Братія, привыкшая на старомъ мѣстѣ къ праздной жизни и даже монастырскія угодья отдававшая для обработки въ чужія руки, здѣсь на новомъ своихъ непривычныхъ рукъ и приложить не умѣла. Обезпеченная денежнымъ содержаніемъ, она и нужды въ томъ не видѣла и земли не обработывала; хорошая земля лежала пустыремъ; братія силилась — но вѣдомымъ образцамъ и иргизскимъ пріемамъ — устроить и здѣсь такую же обитель. Такую, какая тамъ была — устроили; такую, какую желали благотворители, — рѣшительно не могли. Келейные грѣхи и всегдашнюю праздность на Иргизѣ можно было прикрывать частыми богомоленіями но церквамъ; долгими стояніями, часовъ по семи въ сутки, можно было сокращать праздные часы бездѣлья. На Вели даже и моленной построить не позволили. При обиліи празднаго времени, при отсутствіи спасительнаго труда иргизскіе иноки на Вели прослыли у сосѣдей за горькихъ пьяницъ. Случайно попадавшій къ нимъ гость, передъ которымъ не было нужды лицемѣрить, встрѣчалъ обыкновенно такой пріемъ: — Пей! — «Не пью отъ роду!» — Пей! Ишь вѣдь ты какой: нами мужиками гнушаешься! — «Не нью, — Богомъ божусь!» — Ну, такъ мы твою долю на полъ выльемъ. — «Да вѣдь вамъ полагается монашеское житіи?» — Мы къ тому и клонимъ: безъ грѣха нѣтъ покаянія, а безъ покаянія нѣтъ спасенія. — «Такъ для этого-то грѣха у васъ и бабы тутъ?» — Бабы затѣмъ что надо же кому-нибудь стряпать, бѣлье мыть… — «А ребята-то какъ очутились?» — Съ матерями пришли. Да постой-ко: Можно грѣшить, да только надо каяться и хранить истинную старую вѣру. Ты насъ не осуждай: блудниковъ, пьяницъ, татей, разбойниковъ много въ царствѣ небесномъ, а еретиковъ нѣтъ. Ты вотъ и не пьешь, а тамъ не будешь: мы будемъ". Мы не видѣли нужды спорить съ ними. Не они первые: такъ говоритъ про свой приходъ всякой; такъ думали и поступали всѣ тѣ, которыхъ религіозный фанатизмъ заперъ въ своемъ приходѣ и затворилъ для нихъ двери въ другіе, гдѣ бы они могли находить рѣшеніе тѣмъ вопросамъ, отвѣтовъ на которые не найдется у нихъ. Вездѣ, гдѣ являлась секта, сосредоточенная въ себѣ, и презираемая другими, тамъ вездѣ отрицаніе брака признавалось лучшимъ средствомъ для поддержанія числительной силы изолированной коммуны.

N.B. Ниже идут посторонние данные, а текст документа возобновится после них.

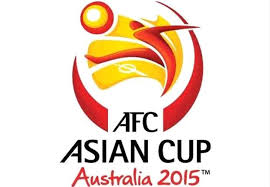 Asian cup logo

Иргизскіе старики, съ такими убѣжденіями и надеждами, такъ всѣ одинъ за другимъ и сошли во гробъ, оставивши допивать недопитое двумъ товарищамъ, которымъ уже привелось увидѣть всю несостоятельность старыхъ порядковъ. Въ сосѣдяхъ эти порядки уваженія не возбудили, и добраго мнѣнія не составили: одни называютъ деревушку Вель разбойничьимъ гнѣздомъ и увѣряютъ, что не столько ловко умѣетъ своровать и ограбить татаринъ, сколько любой изъ вельскихъ раскольниковъ, что счастлива была бы Ленкорань, когда бы это гнѣздо перевели куда-нибудь дальше, на другое мѣсто.

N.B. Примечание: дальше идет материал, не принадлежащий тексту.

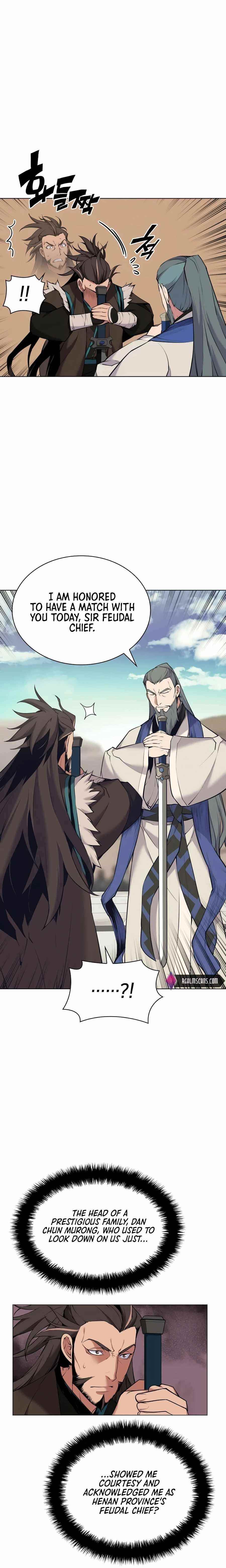 Records of the Swordsman Scholar - Chapter 7 Page 25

— Да на бѣду (увѣряли насъ) жили старцы иргизскимъ обычаемъ — безсмертіемъ: никогда у нихъ никто не умираетъ и изъ списка не вычеркивается. Умеръ кто — тихонько похоронятъ, начальству не объявятъ; подъ его имя другаго, новаго, бродягу подставятъ и опять деревня съ тѣмъ же числомъ жителей. И никакъ ей всей не вымереть, какъ бы желали того. Тоже самое и про тѣхъ же самыхъ старобрядцевъ разсказывали и въ то время, когда они жили на Иргизѣ. Въ 1837 г. въ Иргизѣ дѣйствительно нашли многихъ бродягъ безпаспортныхъ; этого не скрываютъ и вельскіе старцы, справедливо не замѣчая въ томъ особеннаго исключительнаго явленія. Куда ни подите, — вездѣ, попадете на людей, отбившихся отъ обществъ, ищущихъ въ той или другой общинной пригрѣвѣ способовъ не умереть голодною смертію: въ Сибири большая часть тамошнихъ хозяйствъ на такъ называемыхъ заимкахъ воздѣлывается бродягами и притомъ бѣглыми съ каторги; на моряхъ: на томъ же Каспійскомъ, на Азовскомъ, на Черномъ вся рыба вылавливается при помощи безпаспортныхъ. Въ Москвѣ, въ Петербургѣ ихъ до сихъ поръ не могутъ всѣхъ выловить, и внезапными осмотрами остановить появленіе вновь.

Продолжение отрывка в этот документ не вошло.